Carlos Plazola, a Bay Area native raised in a Chicano family, didn’t discover the world of plant medicines until the age of 50. After several years of utilizing exercise, meditation and yoga to cope with the loss of his mother and having only modest success, he read Michael Pollan’s “How to Change Your Mind” and his eyes were opened to the potential for mushrooms to help him process and come to terms with the trauma he was suffering.
Plazola has never done anything in his life in a small way. When he wanted to expand his horizons and develop a sense of what life was all about, he spent three months living as a hunter-gatherer in the rainforest at the young age of just 23. So, when he tried mushrooms for the first time, he consumed five grams and locked himself in his bedroom. Given that three-and-a-half grams is considered a macro-dose, a five gram dose is more than likely to be life-altering.

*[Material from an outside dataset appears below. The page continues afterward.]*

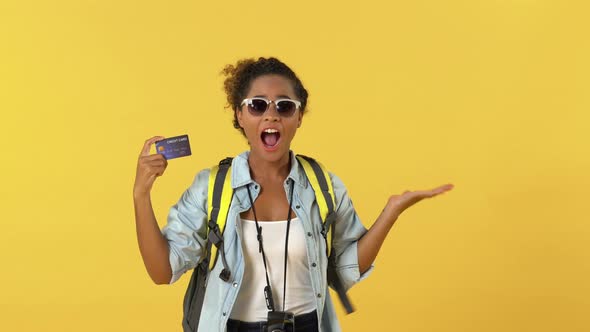 Happy African American woman backpacker holding credit card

And that’s exactly what happened.
Plazola’s experience was so powerful and so transformative, he describes his life in terms of before and after that journey. “Before that journey, I didn’t even know what spirituality was. Now I’m fully spiritual as a result of that.”

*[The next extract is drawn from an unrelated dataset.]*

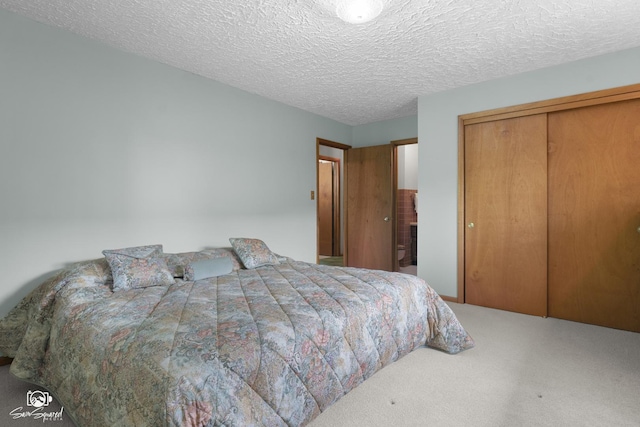 1458 Pleasant Dr, Crest Hill, IL 60403 - carpeted bedroom featuring a closet and a textured ceiling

Since that time, he has dedicated his life to aiding in the plant medicine movement, founding Decriminalize Nature with the goal of developing and implementing legislation that protects these anointed compounds and ensures safe access for all those who want to partake in their use. For Plazola, the progression of plant medicine is not about legalization, it’s about decriminalization. There’s a stark difference – the former implying illegality outside of a set of prescribed rules, and the latter implying legality until you enter a set of prescribed rules.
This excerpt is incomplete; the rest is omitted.